## Work instruction:
Filter on the word "Women": copy each matching line from the listing below.

## Stored data:
******************************

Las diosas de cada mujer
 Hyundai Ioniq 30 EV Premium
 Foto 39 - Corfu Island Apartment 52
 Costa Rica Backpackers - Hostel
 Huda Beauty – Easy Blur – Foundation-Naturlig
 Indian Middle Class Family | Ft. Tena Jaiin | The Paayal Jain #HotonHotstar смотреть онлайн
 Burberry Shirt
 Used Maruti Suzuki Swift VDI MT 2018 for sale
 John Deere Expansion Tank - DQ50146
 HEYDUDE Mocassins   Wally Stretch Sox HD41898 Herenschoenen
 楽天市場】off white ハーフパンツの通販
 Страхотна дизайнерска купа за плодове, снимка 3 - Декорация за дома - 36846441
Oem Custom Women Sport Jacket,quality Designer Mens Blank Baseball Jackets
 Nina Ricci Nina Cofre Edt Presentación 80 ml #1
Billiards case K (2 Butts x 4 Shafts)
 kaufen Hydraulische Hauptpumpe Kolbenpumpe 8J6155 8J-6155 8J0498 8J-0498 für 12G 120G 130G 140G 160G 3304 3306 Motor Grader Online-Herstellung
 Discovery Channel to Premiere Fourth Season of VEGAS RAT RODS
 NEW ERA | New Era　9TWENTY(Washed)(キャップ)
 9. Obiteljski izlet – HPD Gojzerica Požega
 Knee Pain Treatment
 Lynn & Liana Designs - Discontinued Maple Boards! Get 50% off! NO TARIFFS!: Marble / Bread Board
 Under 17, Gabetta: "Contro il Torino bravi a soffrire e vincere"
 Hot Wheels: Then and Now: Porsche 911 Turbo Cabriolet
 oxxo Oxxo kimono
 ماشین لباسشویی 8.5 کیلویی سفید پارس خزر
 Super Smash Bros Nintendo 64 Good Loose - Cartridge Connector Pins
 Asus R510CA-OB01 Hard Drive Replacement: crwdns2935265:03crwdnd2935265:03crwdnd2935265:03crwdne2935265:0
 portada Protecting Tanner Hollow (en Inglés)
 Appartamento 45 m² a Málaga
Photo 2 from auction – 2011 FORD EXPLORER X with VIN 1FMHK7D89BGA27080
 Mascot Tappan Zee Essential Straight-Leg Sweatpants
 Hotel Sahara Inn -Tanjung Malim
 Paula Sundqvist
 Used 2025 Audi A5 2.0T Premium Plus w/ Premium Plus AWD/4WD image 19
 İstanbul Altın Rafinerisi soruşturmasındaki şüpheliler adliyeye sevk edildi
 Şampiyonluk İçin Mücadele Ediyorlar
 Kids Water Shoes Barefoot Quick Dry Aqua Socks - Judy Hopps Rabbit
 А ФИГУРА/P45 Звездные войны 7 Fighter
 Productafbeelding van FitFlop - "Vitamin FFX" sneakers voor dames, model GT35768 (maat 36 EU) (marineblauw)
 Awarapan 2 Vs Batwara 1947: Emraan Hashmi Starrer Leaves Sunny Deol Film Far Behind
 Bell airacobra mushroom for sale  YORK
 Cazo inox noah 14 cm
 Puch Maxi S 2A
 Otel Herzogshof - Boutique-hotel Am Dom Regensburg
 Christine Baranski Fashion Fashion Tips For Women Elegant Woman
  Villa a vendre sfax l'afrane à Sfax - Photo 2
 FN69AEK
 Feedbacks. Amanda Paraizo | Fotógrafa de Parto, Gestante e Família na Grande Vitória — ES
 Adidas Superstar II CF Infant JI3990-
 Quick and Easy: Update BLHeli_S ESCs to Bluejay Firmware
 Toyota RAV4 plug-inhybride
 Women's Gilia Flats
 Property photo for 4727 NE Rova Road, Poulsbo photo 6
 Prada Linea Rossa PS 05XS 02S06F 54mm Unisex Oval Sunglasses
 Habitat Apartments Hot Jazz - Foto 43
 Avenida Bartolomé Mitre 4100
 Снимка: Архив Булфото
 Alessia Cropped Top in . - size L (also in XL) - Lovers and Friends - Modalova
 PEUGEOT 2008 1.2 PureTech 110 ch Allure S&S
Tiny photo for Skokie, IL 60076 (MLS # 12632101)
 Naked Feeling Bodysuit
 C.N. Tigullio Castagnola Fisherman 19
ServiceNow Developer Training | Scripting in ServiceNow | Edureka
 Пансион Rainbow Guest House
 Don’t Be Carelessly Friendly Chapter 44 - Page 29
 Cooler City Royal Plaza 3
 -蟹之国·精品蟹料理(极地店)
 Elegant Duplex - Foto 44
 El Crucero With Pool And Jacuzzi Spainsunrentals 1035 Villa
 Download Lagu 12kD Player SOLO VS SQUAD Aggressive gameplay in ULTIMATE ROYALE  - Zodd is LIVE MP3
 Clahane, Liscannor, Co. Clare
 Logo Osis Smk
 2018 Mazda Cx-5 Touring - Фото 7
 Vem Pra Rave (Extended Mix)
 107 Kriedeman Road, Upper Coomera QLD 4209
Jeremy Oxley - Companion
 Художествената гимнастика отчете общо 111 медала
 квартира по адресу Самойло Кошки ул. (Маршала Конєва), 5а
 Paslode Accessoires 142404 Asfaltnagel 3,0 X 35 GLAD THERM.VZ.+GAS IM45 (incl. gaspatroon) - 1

******************************

## Problem solution:
Oem Custom Women Sport Jacket,quality Designer Mens Blank Baseball Jackets
 Christine Baranski Fashion Fashion Tips For Women Elegant Woman
 Women's Gilia Flats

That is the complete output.